- Information supplied
[Start of Attachment]

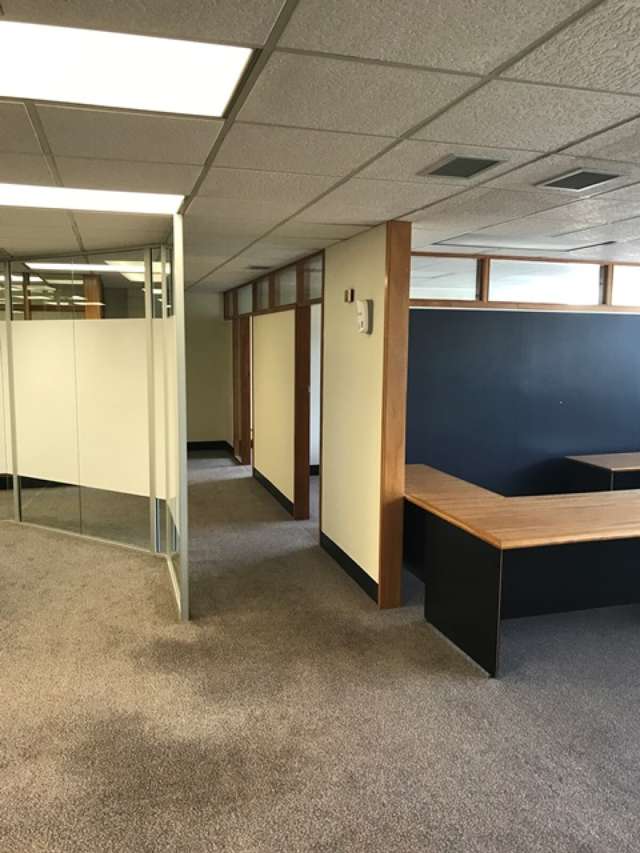 3 Cobham Court Porirua_4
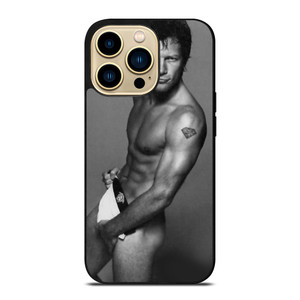 JON BON JOVI SEXY iPhone 14 Pro Max Case JON BON JOVI SEXY iPhone 14 Pro Max Case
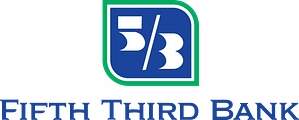 fifth-third-bank-logo-1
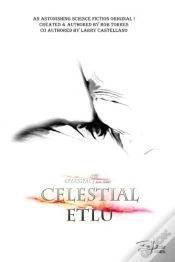 Capa do artigo Celestial Etlu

[End of Attachment]

- Description of the task
Copy out all the data exactly. No images belong in the copy.

- Exercise result
 3 Cobham Court Porirua_4
 JON BON JOVI SEXY iPhone 14 Pro Max Case JON BON JOVI SEXY iPhone 14 Pro Max Case
 fifth-third-bank-logo-1
 Capa do artigo Celestial Etlu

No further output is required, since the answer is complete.